*EXERCISE DETAILS:*
Beginning at the line that mentions "Varsity 'M' Women's", retype the rest of the records below exactly. Pictures are not part of the copy.

- - - - -

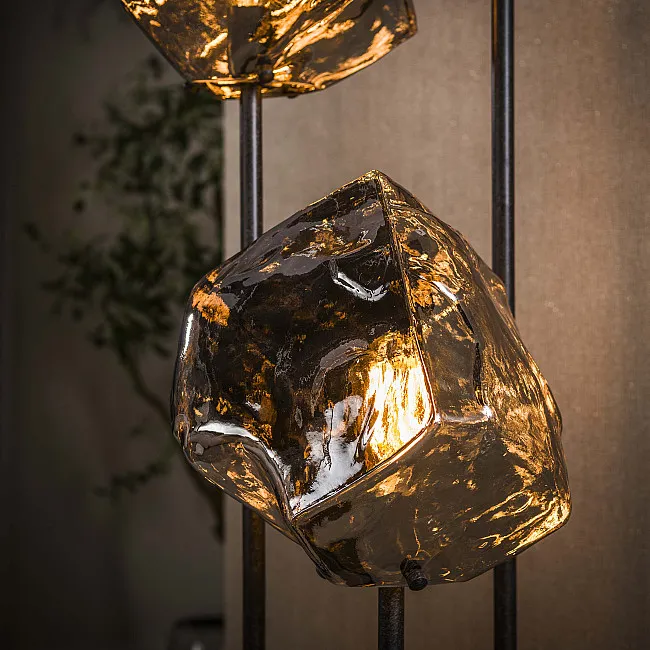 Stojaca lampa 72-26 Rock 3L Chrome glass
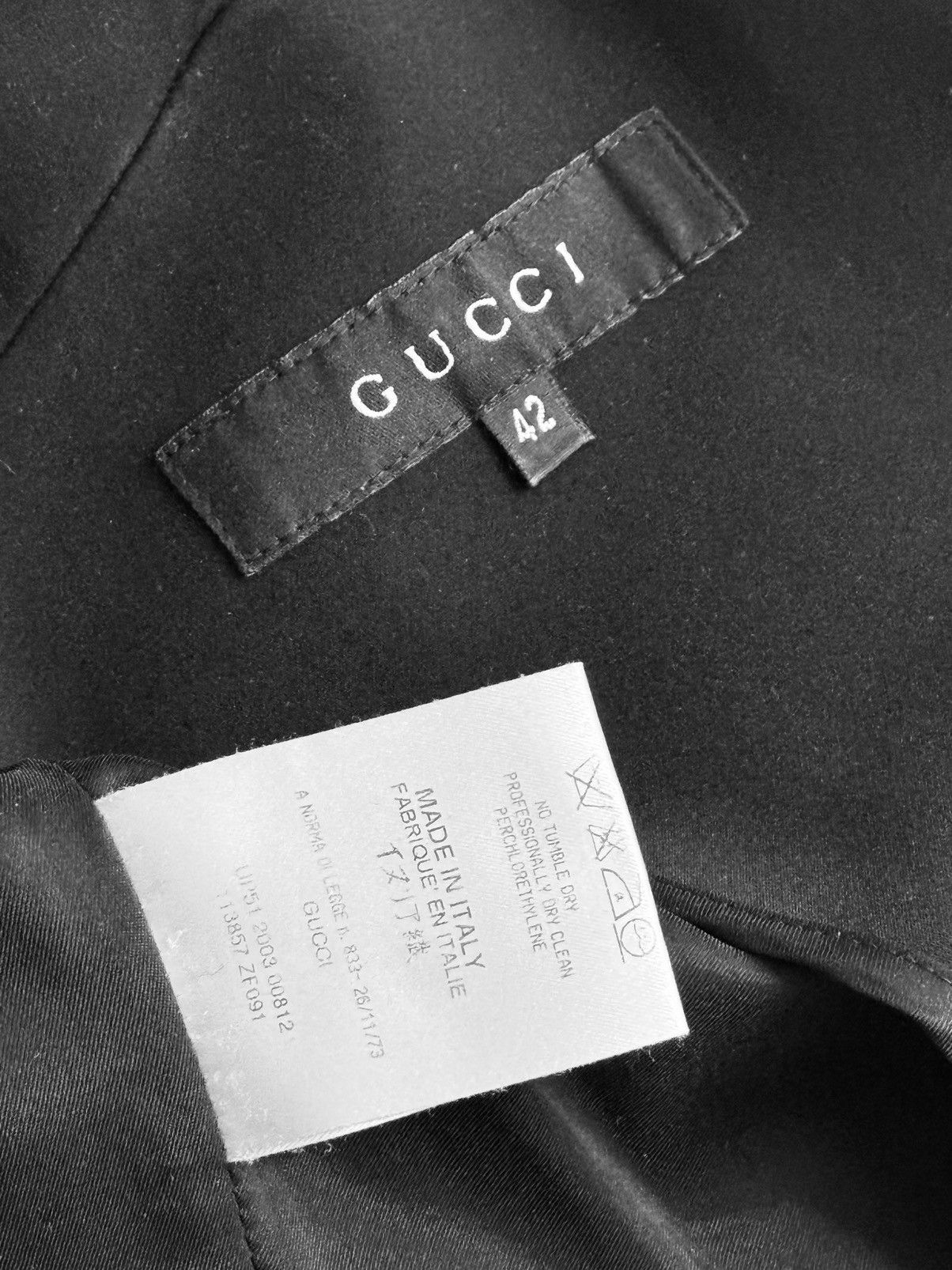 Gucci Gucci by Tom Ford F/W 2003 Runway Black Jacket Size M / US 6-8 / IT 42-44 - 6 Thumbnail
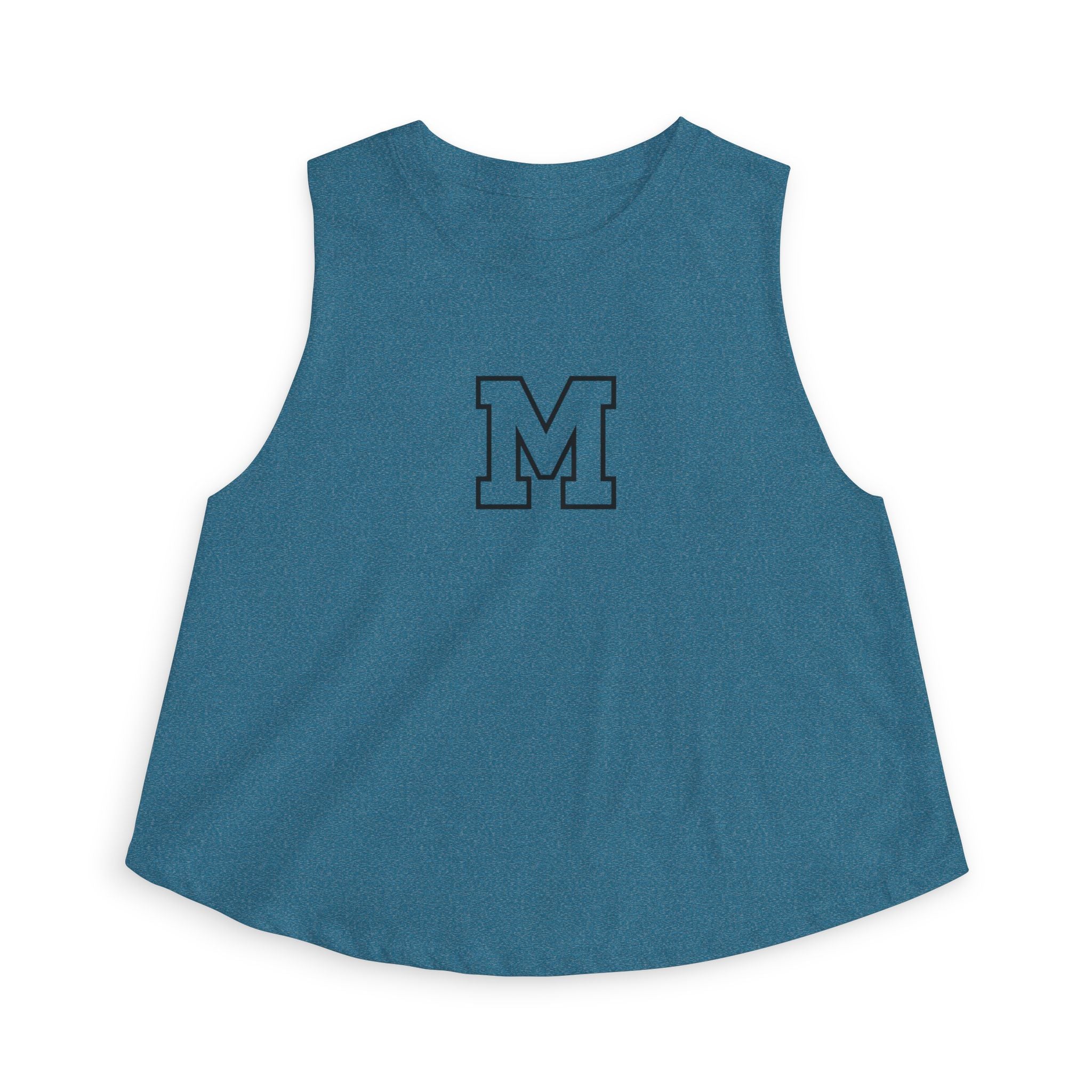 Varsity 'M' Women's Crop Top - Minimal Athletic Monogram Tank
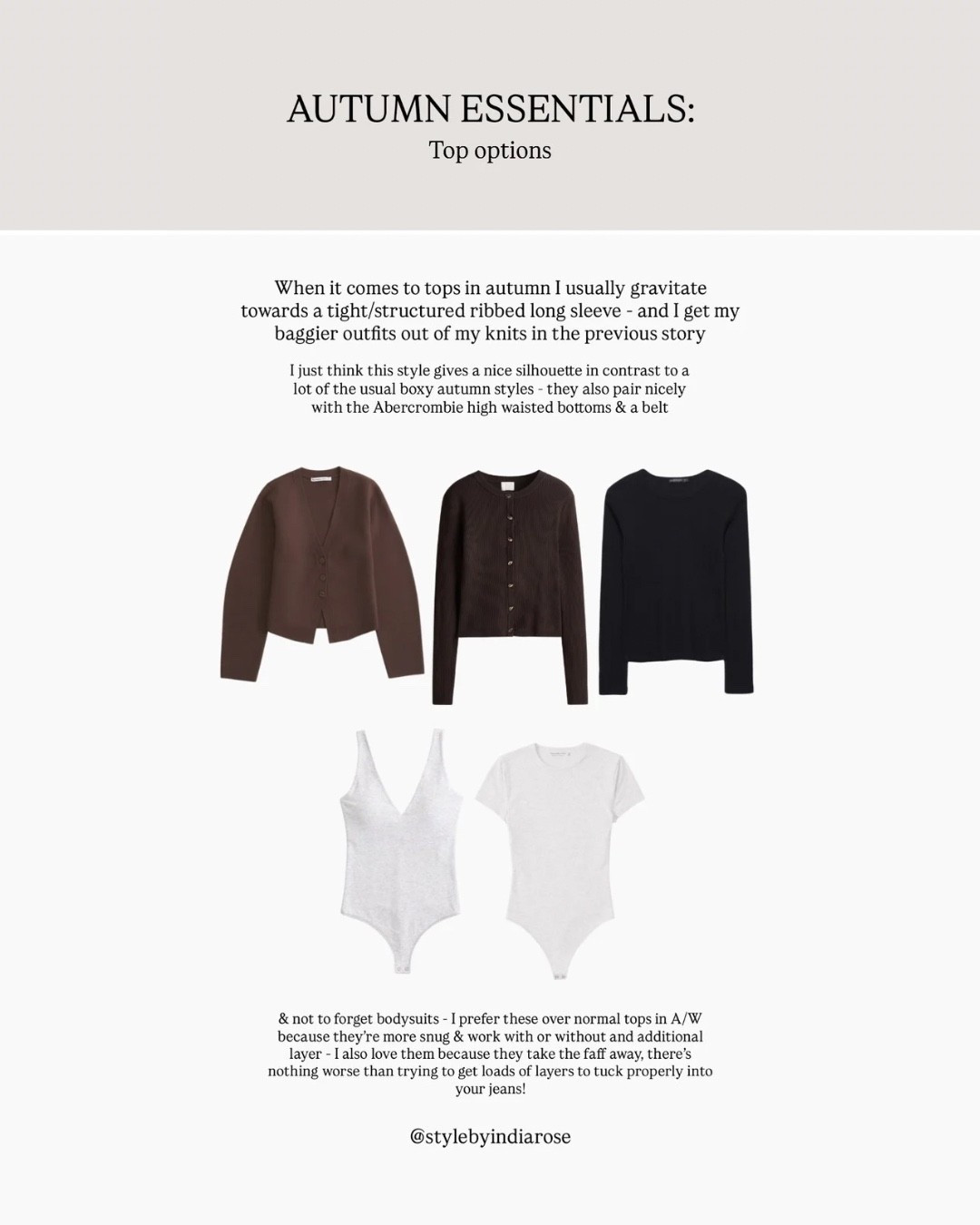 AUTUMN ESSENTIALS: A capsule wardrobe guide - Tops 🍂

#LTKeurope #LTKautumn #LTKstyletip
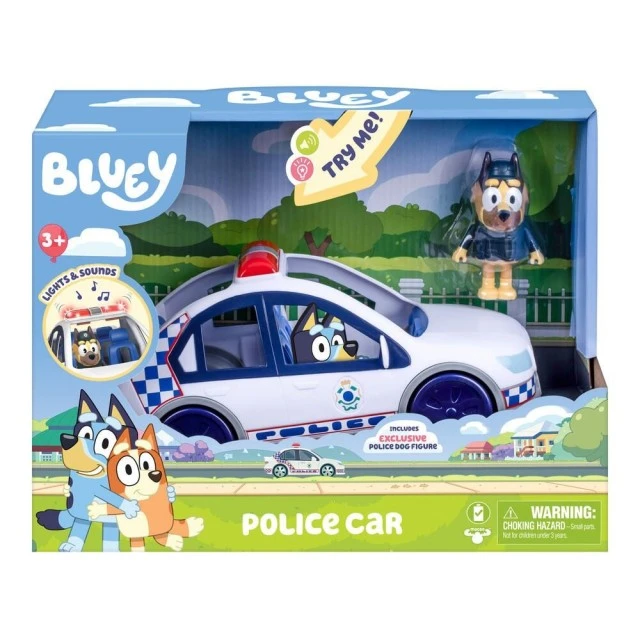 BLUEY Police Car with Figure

- - - - -

*ANSWER:*
 Varsity 'M' Women's Crop Top - Minimal Athletic Monogram Tank
 AUTUMN ESSENTIALS: A capsule wardrobe guide - Tops 🍂

#LTKeurope #LTKautumn #LTKstyletip
 BLUEY Police Car with Figure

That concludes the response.